Devon Conway has always been that kind of player, the one who looks so simple, and silently and steadily does the job. During a time when the world was fixated on a young Indian line-up defeating Tim Paine’s Australia in their own backyard, an iconic series in COVID times, Conway was silently making his way into the New Zealand cricket team. He started off with scores of 41, 65*, 5, 63 in his first four T20I innings. He also stroked his way to 99* against a depleted Australia, all at a strike rate upwards of 140, to start making the world take notice. He got some more good scores and sustained his form in the T20I side.
He was given a try in the ODIs against the visiting Bangladesh team and he grabbed the opportunity with both hands. He started with a 27, then 72 in the second, before finally breaching the three-digit mark in just his third ODI, ending at 126 off 110 balls. Conway was silently adapting across formats and steadily making his case for a chance with the whites.
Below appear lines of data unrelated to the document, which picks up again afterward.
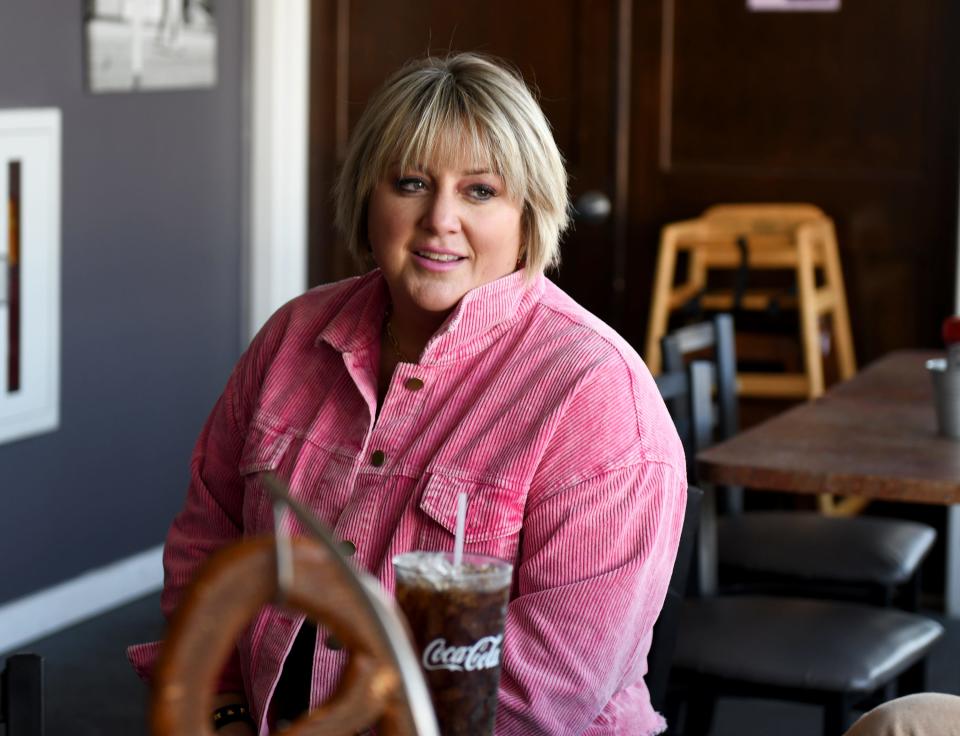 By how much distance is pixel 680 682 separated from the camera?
7.93ft

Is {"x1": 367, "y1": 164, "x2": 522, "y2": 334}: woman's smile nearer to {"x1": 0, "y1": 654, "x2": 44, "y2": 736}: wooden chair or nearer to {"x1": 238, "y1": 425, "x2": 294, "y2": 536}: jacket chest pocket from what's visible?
{"x1": 238, "y1": 425, "x2": 294, "y2": 536}: jacket chest pocket

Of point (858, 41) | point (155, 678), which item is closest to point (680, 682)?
point (155, 678)

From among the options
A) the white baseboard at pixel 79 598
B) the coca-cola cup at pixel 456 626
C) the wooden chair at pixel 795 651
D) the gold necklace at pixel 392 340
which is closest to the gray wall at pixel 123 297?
the white baseboard at pixel 79 598

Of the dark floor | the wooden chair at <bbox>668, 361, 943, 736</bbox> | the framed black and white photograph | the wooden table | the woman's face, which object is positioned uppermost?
the framed black and white photograph

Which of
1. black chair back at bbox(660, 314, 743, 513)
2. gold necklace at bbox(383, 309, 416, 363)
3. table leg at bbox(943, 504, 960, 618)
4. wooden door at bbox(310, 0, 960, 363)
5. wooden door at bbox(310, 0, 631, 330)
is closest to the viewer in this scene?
gold necklace at bbox(383, 309, 416, 363)

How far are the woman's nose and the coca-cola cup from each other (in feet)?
2.06

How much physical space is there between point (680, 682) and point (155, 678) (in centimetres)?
178

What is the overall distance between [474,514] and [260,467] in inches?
11.5

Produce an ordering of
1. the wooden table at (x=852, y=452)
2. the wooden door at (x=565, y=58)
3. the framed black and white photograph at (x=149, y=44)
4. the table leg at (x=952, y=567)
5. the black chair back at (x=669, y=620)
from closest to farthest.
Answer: the black chair back at (x=669, y=620), the wooden table at (x=852, y=452), the framed black and white photograph at (x=149, y=44), the table leg at (x=952, y=567), the wooden door at (x=565, y=58)

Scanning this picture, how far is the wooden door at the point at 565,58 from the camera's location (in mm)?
4441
But many pundits were still of the opinion that scoring in limited overs may hide technical flaws, that his unorthodox arsenal would not last him for long.
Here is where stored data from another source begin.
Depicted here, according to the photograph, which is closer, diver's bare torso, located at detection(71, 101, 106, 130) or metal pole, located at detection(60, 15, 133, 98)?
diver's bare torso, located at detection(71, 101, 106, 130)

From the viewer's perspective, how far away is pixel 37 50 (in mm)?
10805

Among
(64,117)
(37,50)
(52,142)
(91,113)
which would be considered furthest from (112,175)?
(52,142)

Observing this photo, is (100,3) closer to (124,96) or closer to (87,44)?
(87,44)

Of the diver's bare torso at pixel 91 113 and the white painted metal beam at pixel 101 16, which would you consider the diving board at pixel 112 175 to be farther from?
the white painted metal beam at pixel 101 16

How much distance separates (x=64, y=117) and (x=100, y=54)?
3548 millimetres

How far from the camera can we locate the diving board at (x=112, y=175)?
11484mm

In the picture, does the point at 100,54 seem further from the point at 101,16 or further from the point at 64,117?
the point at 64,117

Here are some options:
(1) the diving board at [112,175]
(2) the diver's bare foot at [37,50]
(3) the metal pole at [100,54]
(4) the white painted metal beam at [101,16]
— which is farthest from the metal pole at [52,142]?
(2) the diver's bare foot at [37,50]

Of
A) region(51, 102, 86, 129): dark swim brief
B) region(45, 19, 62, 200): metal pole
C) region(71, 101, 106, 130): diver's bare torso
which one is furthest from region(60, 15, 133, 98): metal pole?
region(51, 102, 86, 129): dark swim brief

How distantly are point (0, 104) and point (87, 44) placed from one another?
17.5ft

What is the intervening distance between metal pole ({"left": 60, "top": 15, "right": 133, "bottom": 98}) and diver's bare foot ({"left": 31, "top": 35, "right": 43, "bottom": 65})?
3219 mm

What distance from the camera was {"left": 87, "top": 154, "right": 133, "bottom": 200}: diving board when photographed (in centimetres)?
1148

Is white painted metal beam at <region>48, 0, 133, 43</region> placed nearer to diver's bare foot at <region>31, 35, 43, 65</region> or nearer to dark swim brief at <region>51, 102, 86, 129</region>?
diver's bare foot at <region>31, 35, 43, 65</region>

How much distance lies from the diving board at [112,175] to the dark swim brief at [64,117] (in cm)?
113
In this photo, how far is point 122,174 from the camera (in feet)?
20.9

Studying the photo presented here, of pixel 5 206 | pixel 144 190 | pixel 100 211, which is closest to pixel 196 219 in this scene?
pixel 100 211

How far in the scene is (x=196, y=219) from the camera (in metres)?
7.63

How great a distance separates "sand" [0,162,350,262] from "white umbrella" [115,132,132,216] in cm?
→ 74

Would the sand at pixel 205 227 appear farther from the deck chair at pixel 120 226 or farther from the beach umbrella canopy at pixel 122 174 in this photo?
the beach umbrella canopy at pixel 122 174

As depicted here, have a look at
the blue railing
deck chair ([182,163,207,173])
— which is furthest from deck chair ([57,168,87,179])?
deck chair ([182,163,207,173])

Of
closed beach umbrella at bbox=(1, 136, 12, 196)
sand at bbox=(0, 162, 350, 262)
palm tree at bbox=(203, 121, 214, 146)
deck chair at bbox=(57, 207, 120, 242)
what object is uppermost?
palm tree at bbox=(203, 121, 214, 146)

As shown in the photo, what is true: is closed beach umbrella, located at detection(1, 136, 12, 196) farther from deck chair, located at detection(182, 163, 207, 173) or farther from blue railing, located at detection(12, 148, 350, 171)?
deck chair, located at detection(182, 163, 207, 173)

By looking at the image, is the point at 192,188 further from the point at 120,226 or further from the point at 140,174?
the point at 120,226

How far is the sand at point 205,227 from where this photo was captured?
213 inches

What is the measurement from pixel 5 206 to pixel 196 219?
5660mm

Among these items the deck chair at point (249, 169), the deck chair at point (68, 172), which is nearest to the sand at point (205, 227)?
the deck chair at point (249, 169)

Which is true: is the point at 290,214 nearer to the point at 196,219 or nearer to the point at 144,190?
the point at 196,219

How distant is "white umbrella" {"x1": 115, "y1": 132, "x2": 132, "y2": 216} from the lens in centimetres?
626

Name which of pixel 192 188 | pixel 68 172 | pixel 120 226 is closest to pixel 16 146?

With a World Test Championship final approaching, the Kiwi management decided to give him a go. Devon Conway made his Test debut in front of a packed house at Lord’s, facing off against an English bowling line-up comprising James Anderson and Stuart Broad, with the devilish Dukes ball in hand. There was nothing silent or simple about that. Conway took to Test cricket like fish to water, and slowly and steadily reached not only his first Test ton, but also notched up his double ton, silencing all his critics with his fluent strokeplay, textbook technique, and pristine timing, fittingly getting out while running between the wickets. A score of 80 in the second test, and he was given the responsibility to open in the WTC Final against India. He made the only 50 of the first innings, and was pivotal in the Blackcaps’ victory in becoming the first team in history to lift the WTC Test mace.
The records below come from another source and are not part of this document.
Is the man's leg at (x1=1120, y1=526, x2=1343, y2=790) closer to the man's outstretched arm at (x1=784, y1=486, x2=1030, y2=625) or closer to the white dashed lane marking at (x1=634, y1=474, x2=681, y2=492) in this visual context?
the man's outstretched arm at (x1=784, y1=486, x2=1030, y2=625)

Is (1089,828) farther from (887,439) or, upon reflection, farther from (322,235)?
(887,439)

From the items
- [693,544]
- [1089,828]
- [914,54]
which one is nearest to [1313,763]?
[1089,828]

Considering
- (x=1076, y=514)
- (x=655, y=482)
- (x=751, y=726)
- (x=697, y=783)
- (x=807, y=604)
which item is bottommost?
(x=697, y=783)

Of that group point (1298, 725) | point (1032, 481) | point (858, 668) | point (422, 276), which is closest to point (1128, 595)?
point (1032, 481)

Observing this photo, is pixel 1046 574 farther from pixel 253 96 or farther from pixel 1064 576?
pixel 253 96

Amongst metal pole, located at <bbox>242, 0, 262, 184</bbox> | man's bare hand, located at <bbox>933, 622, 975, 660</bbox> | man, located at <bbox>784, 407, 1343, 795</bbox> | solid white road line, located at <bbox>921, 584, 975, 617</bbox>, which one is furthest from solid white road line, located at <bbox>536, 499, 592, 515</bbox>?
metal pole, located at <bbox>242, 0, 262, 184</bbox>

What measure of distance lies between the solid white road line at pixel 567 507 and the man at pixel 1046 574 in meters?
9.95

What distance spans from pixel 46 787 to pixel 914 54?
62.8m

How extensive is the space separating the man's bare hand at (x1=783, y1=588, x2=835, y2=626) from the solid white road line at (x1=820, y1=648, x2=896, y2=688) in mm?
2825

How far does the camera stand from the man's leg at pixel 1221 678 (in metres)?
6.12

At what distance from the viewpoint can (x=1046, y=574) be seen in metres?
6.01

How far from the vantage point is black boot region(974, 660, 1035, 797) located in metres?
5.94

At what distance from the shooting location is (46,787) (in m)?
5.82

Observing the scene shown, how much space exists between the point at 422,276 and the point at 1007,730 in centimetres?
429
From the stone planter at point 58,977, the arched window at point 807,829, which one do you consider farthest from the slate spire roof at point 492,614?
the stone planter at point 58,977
He also took his side to the final of the T20 World Cup, which the Kiwis lost. Only one more box was left to tick : the Indian Premier League. Conway was selected in 2022 by the Chennai Super Kings, silently, for a base price of 1 crore. He got out for 3 in his first match, wasn’t selected in the playing XI because of the combination for a long time, then he returned again when the management backed him to come good. Conway responded their faith with three consecutive half-centuries (85*, 56, 87), silently, when the focus of the tournament had been on the fresh top teams battling for supremacy. Conway has formed a formidable opening pair with Ruturaj Gaikwad, and the duo already have the most century-plus opening stands in Chennai’s history.
Averages above 45 in all three formats of the game, a WTC title, a T20WC Final appearance, and 6 fifties from 13 innings in the IPL. For someone who has consistently achieved landmarks by performing superbly, Devon Conway is exactly the right player in exactly the right franchise, CSK. Because he is a Consistently Superb King.